In a world where business is achieved mainly through people, being involved in meetings is inevitable. However, where once PAs were involved only in an administration role, now they are increasingly working alongside managers to deputise and actively partake.

Meetings allow a group of people to focus on one topic. They should increase efficiency as they gather all parties together to provide information, make decisions and/or solve problems - even if these parties are not physically in one place, as with tele-conferencing or internet meetings. Meetings also allow everyone to review work, generate new ideas, build partnerships and set goals – they enable people to work as a team, even if this is for a short space of time, or just to secure a goal.

So how do you go about running a truly effective meeting?

Respecting the Chair

The Chair has overall responsibility for the meeting. It is their job to manage the process and gain the decisions that move the agenda forward. If you are partaking actively in the meeting you need to respond to the wishes of the Chair. For example, if the Chair wishes to allow more time on an item, or cut another short, they are usually able to do so.

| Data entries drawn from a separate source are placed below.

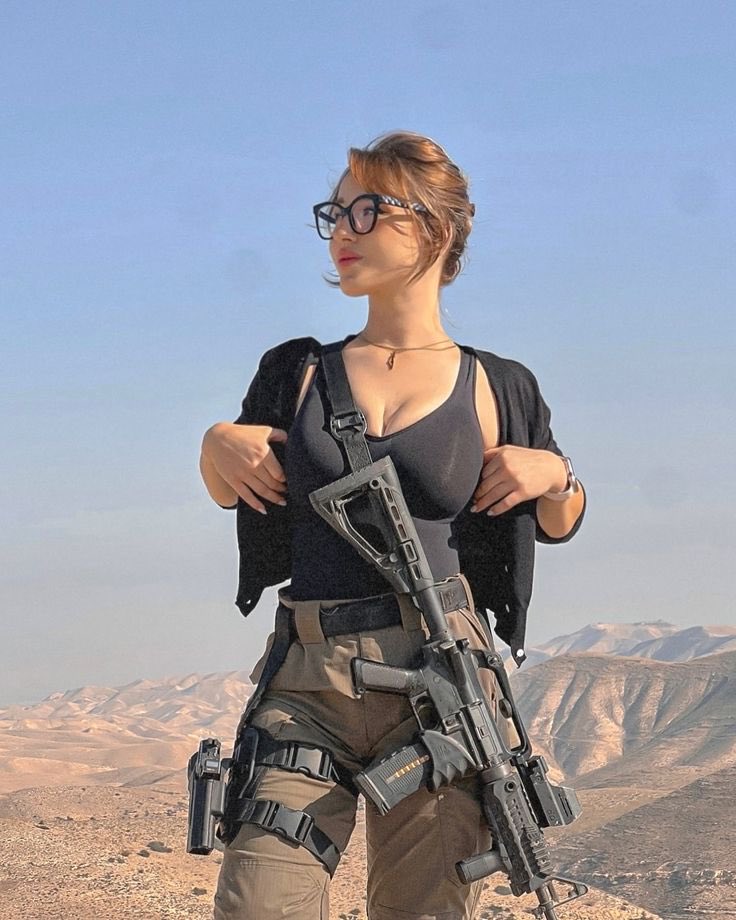 OlenaHellen's tweet photo. God bless everyone of you supporting the IDF I love you all 🇮🇱🇮🇱 https://t.co/ARH4KjDtCF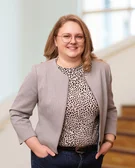 Porträtfoto von Dr. Alina Tausch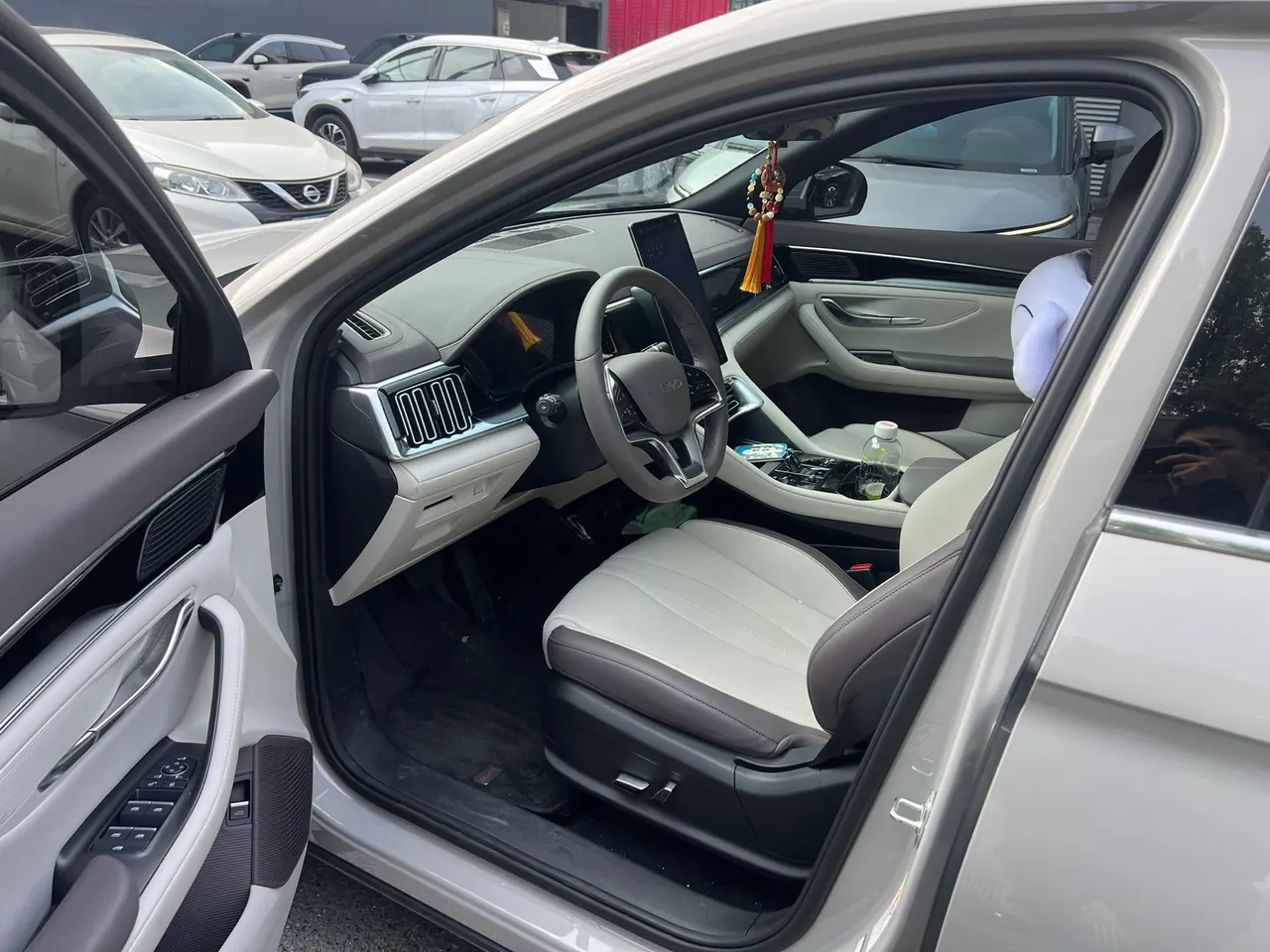 BYD Song PLUS New Energy 2025 Song PLUS DM-i 1.5 Stepless 112KM Honorable Automatic Gear 2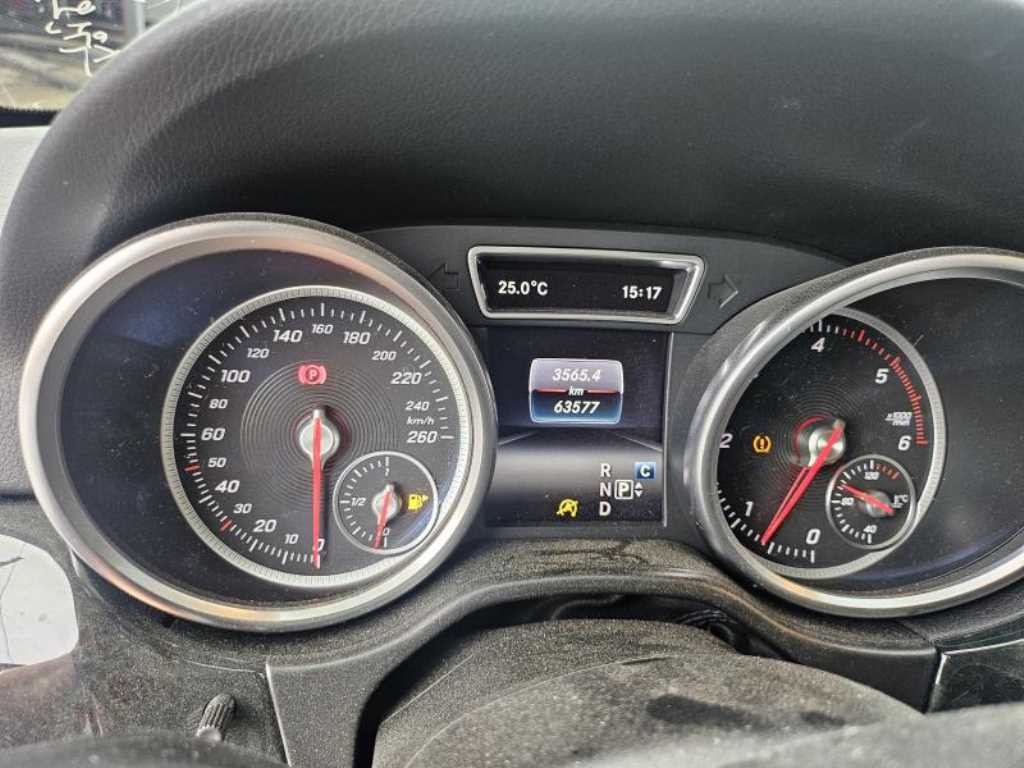 벤츠 GLE 클래스 GLE 클래스 W166 GLE 350 d 4MATIC 이미지 12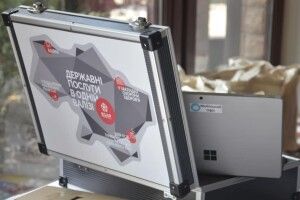 У Нововолинську діє зручна послуга «Мобільний кейс-адміністратор»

If you are nervous about raising an item, it can help to talk this through with the Chair beforehand. They will reassure you of the process, and can prove to be a useful ally in the event of any negative comments or major disagreement to your proposals.

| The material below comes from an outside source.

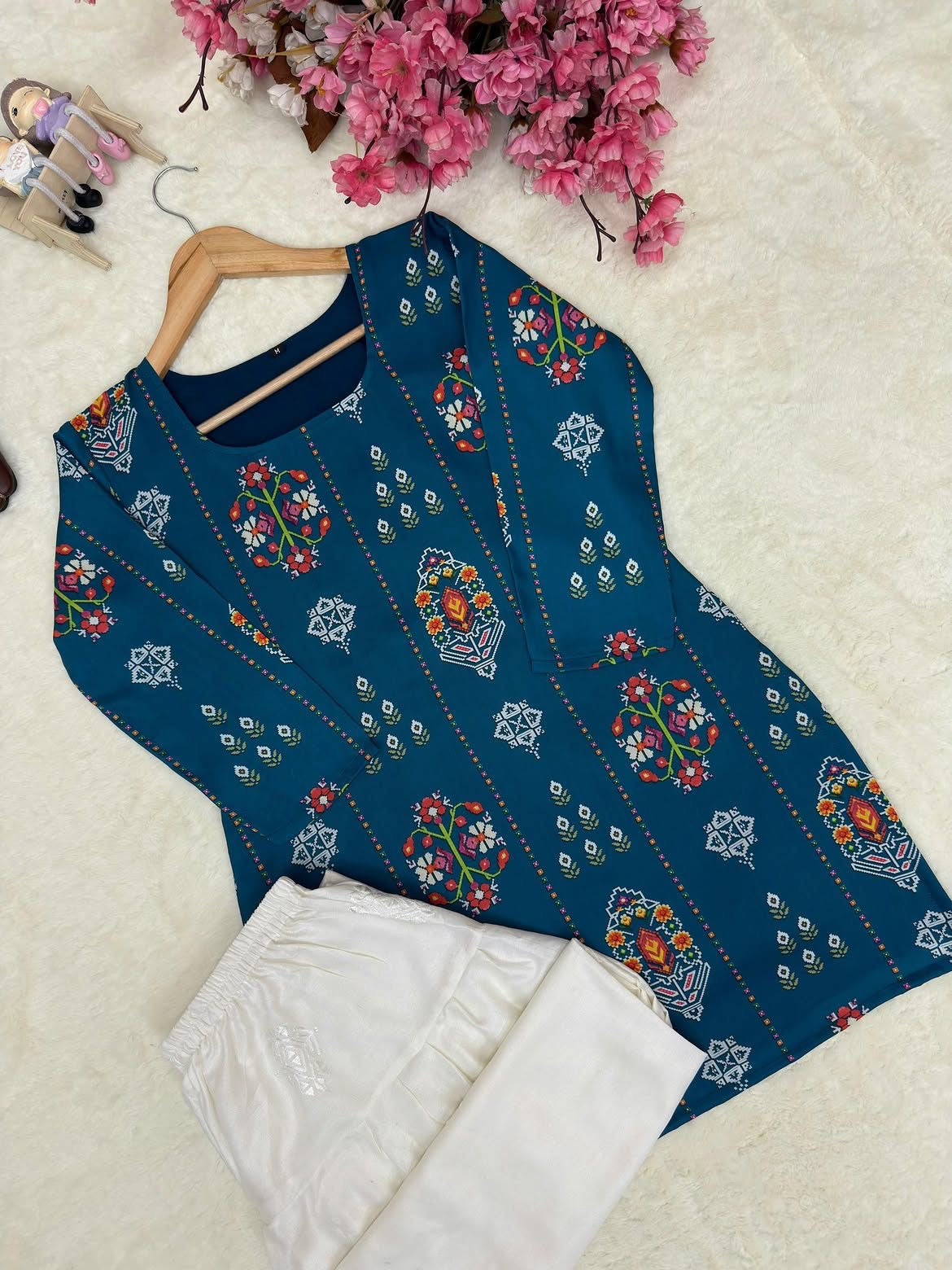 KIRAN 2PC EMBROIDERED DRESS (FARSHI SHALWAR)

What’s the big deal with consensus?

In a meeting, all parties attempt to work towards consensus. This is where everyone agrees on the outcome. Consensus avoids parties backing out later on, but you must be sure that you only agree on topics which you or your manager support. Never be forced by the strength of feeling in the group towards agreeing to an action that you or your manager cannot commit to.

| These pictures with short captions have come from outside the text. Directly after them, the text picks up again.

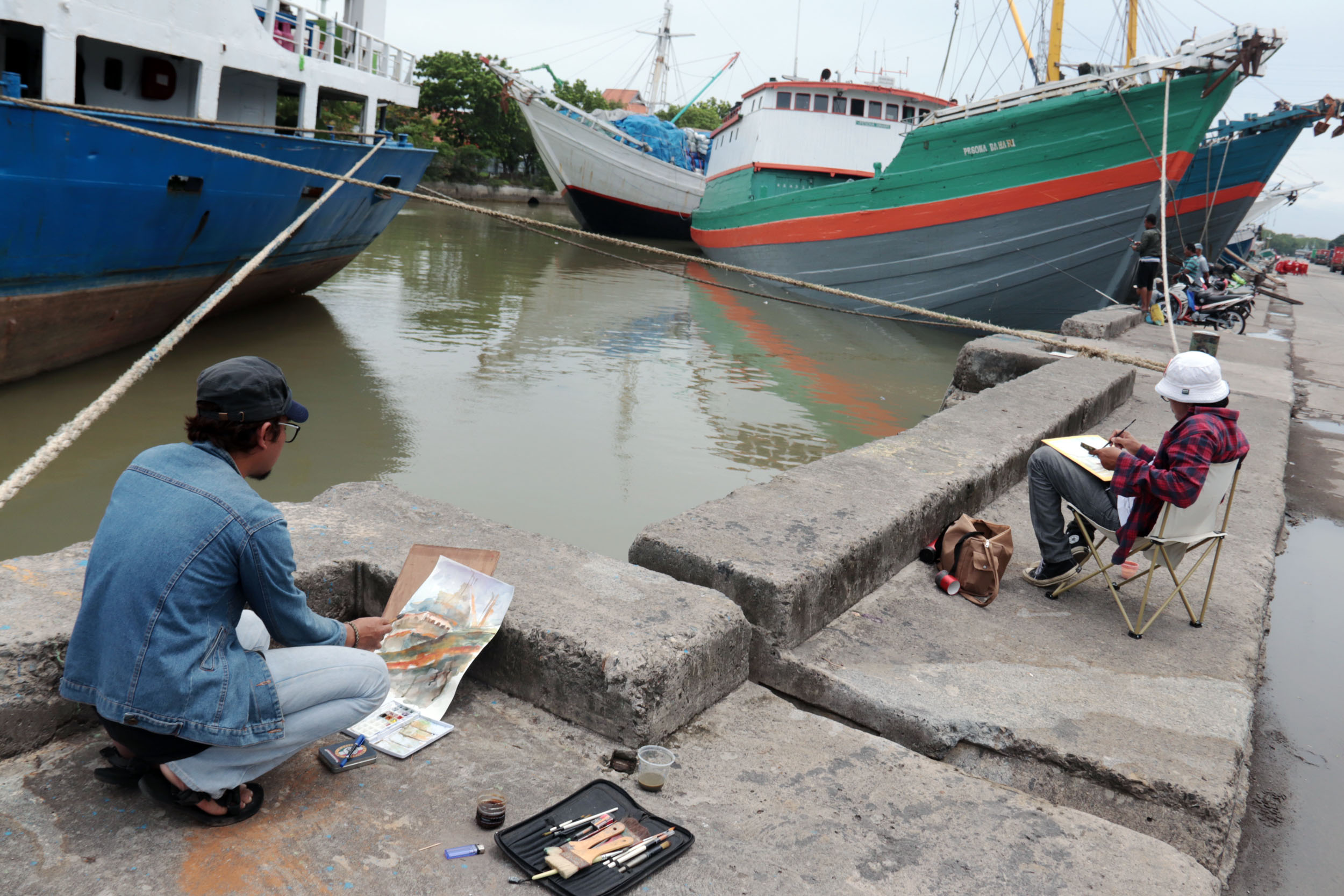 AJANG BERKREASI: Sejumlah pelukis yang tergabung dalam Komunitas Lukis Cat Air Indonesia (Kolcai) Surabaya menggelar melukis on the spot di Pelabuhan Rakyat, Kalimas, Surabaya.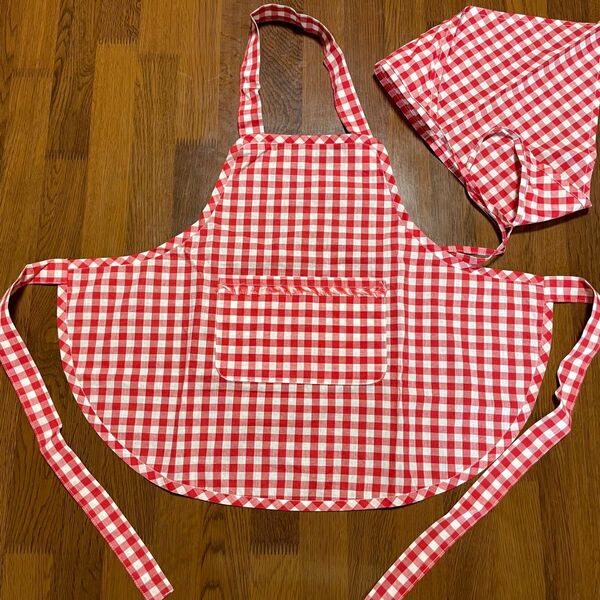 2歳 3歳 エプロン 三角巾付き ギンガムチェック 赤 白 80サイズ 90サイズ相当 調理実習 お料理 お手伝い おままごと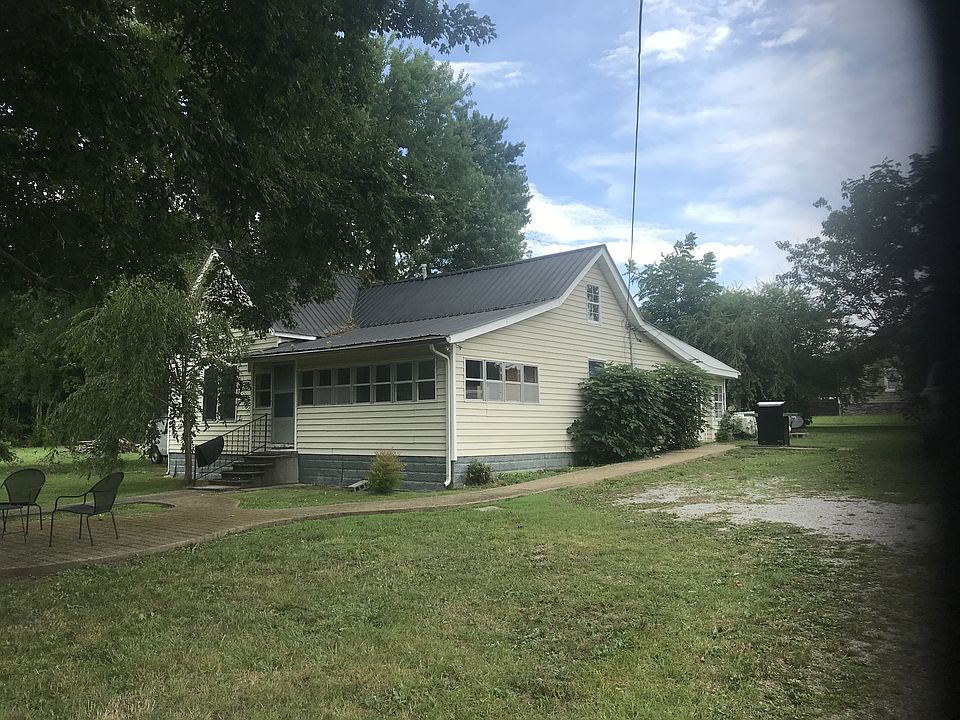 2nd image of 2705 Highway 47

Achieving a consensus outcome can be very time-consuming for the group but makes for a better outcome in the long run. All parties will be more committed to the result if they have agreed every step of the process.

Avoiding the pitfalls

Be wary of meetings that:

  • do not appear to have any real purpose
  • have little or no agenda
  • have masses of participants
  • have a weak Chair in control
  • do not secure or record decisions and actions
  • constantly overrun.

These factors indicate that the meetings are either unnecessary or badly managed, and you would be well advised to discuss this with your manager. Many meetings have "sell by" dates and the participants are not always aware that the time has come to review the purpose of the meeting and whether the format is still appropriate.

Understanding the dynamics

Unfortunately meetings are not only used to solve problems and discuss projects. They can become open forums for individuals to "perform" and assert their positions and status, thus creating dynamics (or behavioural games) that are peculiar to that particular group of people, in that particular setting.

In addition to discussing business, people use meetings for a variety of reasons. Have you ever witnessed any of these?

  • To get noticed – where else are you given the opportunity to stand up and present in front of senior staff?
  • To exhibit their dominance – it isn’t anything against you personally, they just can’t help demonstrating their superiority by talking everyone down.
  • To push through their own ideas – by hijacking the meeting or using coercive techniques
  • To demonstrate the importance of their ideas – by pushing the ideas of others down
  • To play games – such as setting one party off against the other
  • To promote their own creativity – by describing a problem, and then magically appearing to solve the problem themselves.

It is impossible not to be involved in the dynamics of a meeting, unless you are purely an observer. Your very presence contributes towards the dynamic mix! However, if you feel that some of the participants are using the meeting to play their own games, discuss this with your manager, too! It can be a real time-waster if you become merely an audience for other people's manoeuvering.

Follow up

Always follow up any meeting with a full de-brief to your manager, together with an outline of any action points attributed to them. It may be that you become more involved in the entire project through follow-up work and implementing some of the actions.

Take every opportunity to deputise for your manager by partaking fully in meetings. Being an active participant can be a stimulating and developing experience, and offers great networking opportunities – after all, only meetings offer you a regular showcase for you to impress a large audience of decision makers with your professionalism, communication skills and style!

Making yourself heard in meetings
  • Try not to get nervous, read up on the previous set of minutes, and ask your manager about any contentious issues
  • If you need to speak or raise an item, take a deep breath and deliver your point assertively
  • Meeting styles vary. Some will require the speaker to stand, others do not. Follow the practice of everyone else
  • If you need to deliver an item in a meeting, think about what you need to say beforehand and try to give it some structure. Consider what the other participants may need to know
  • Use positive body language and try to minimise any distracting habits such as pencil chewing or pen tapping
  • Be aware that other people may try to dominate the meeting – this is not directed as a personal slight but is often driven by dynamics
  • Never feel that you have to agree to issues there and then. It is quite acceptable to say, “I need to take this back to my manager for further discussion (or their authority)”
If you feel you need to attend more meetings, consider undertaking training in negotiating skills

Karen Mannering is the director of Karen Mannering Portfolios, a personal development consultancy, and the author of several business management books. She specialises in the promotion of women in the workplace, offering solid career advice and coaching.